Start of DATA PROVIDED

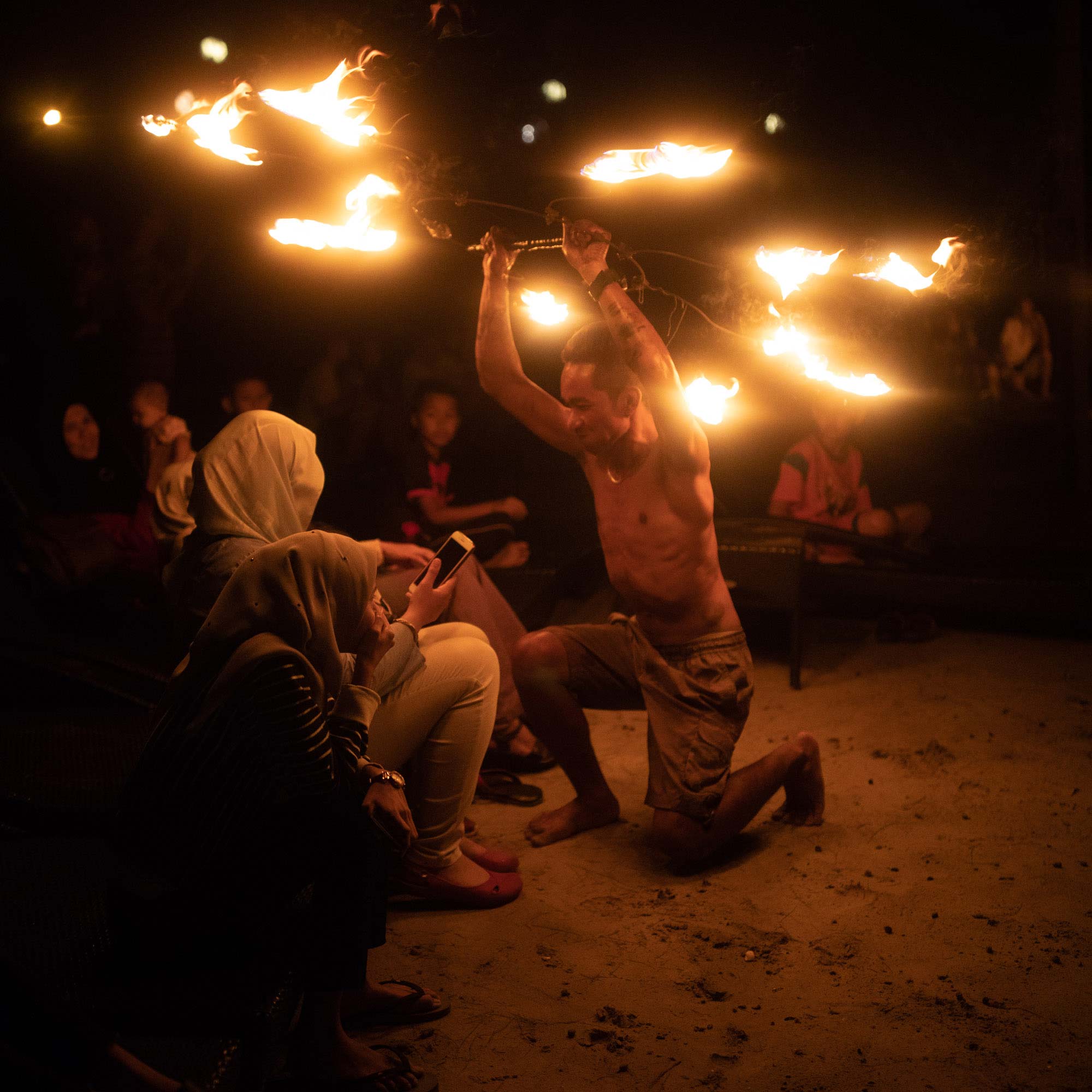 Cultural performance featuring a fire dancer entertaining an audience at night.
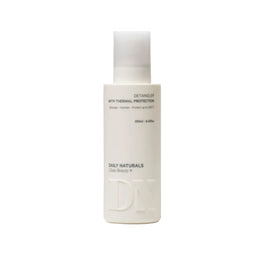 White bottle of Daily Naturals detangler on a light gray background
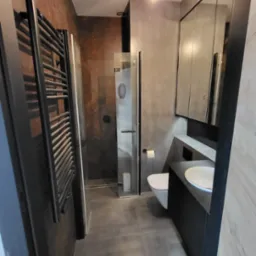 Nowoczesna łazienka z kabiną prysznicową, grzejnikiem drabinkowym w kolorze czarnym, umywalką z szafką i lustrem w zabudowie oraz toaletą, utrzymana w szaro-brązowej kolorystyce.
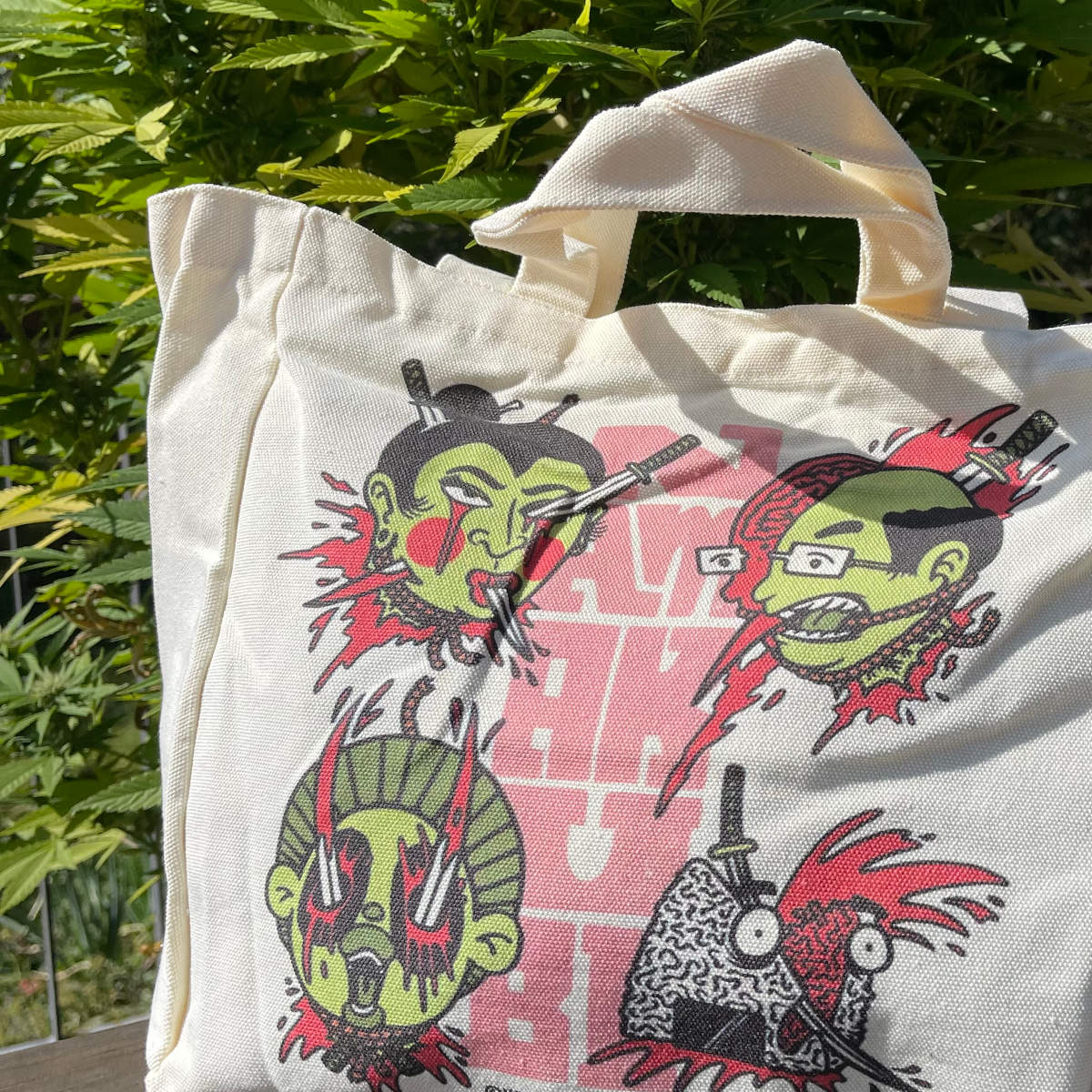 „Namakubi“ Tote Bag von Heldbergs Games mit vier ikonischen Köpfen, aus 16-Unzen-Baumwolle. Maße 32 x 33 x 16 cm, mit Magnetverschluss und Innentasche. Japanisches Design trifft auf praktischen Stil.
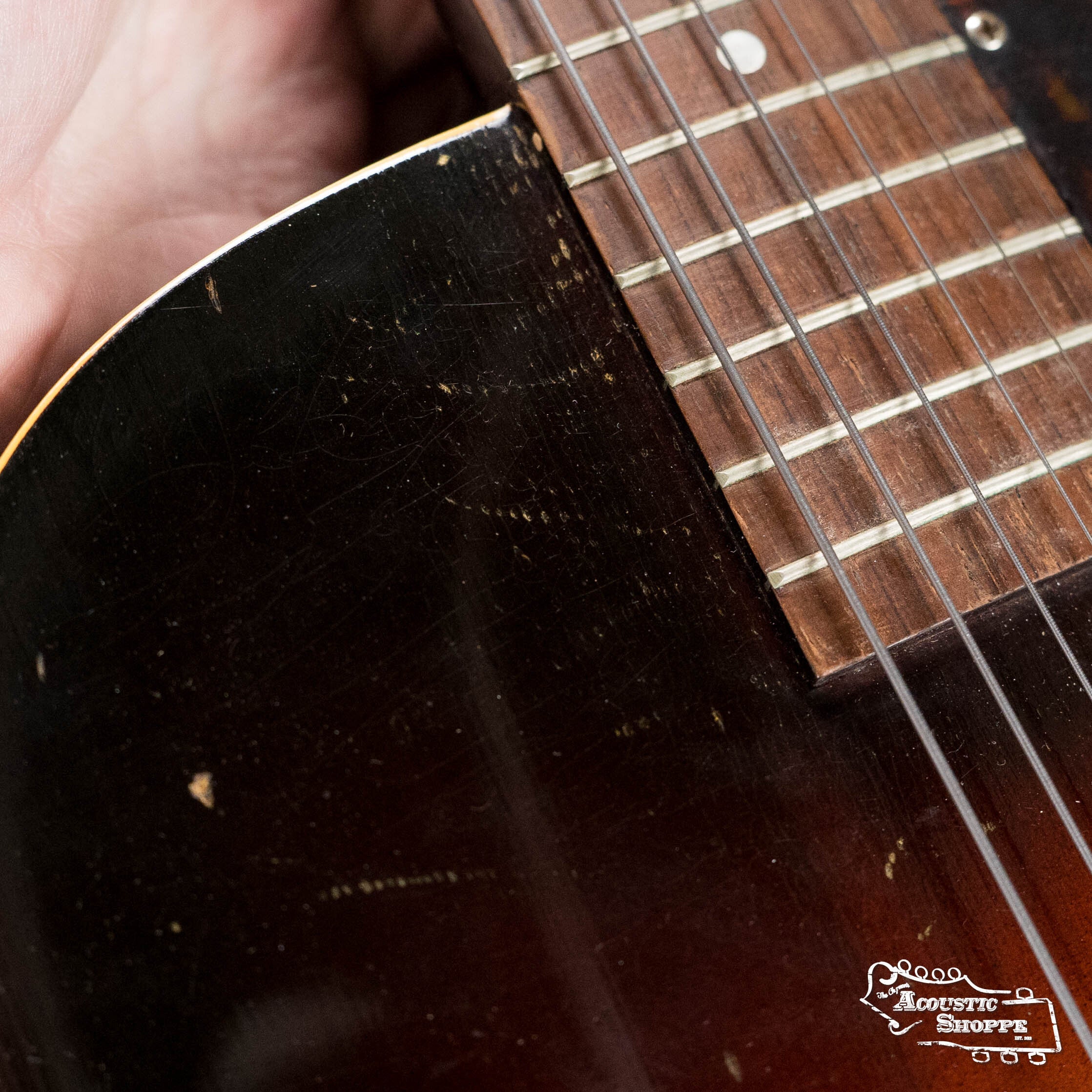Close-up of a hand holding the neck of a worn, dark-colored (Used) 1942 Gibson ES-125 by Gibson; visible strings, frets, and scratches on the hollow-body guitar, with an Acoustic Shoppe logo in the lower right corner.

End of DATA PROVIDED

§ **WORK ITEM**: What should be set down is every line from the opening of the records through the line that contains "Nowoczesna łazienka z", exactly, with pictures left out.

§ **SOLVED EXERCISE**:
 Cultural performance featuring a fire dancer entertaining an audience at night.
 White bottle of Daily Naturals detangler on a light gray background
 Nowoczesna łazienka z kabiną prysznicową, grzejnikiem drabinkowym w kolorze czarnym, umywalką z szafką i lustrem w zabudowie oraz toaletą, utrzymana w szaro-brązowej kolorystyce.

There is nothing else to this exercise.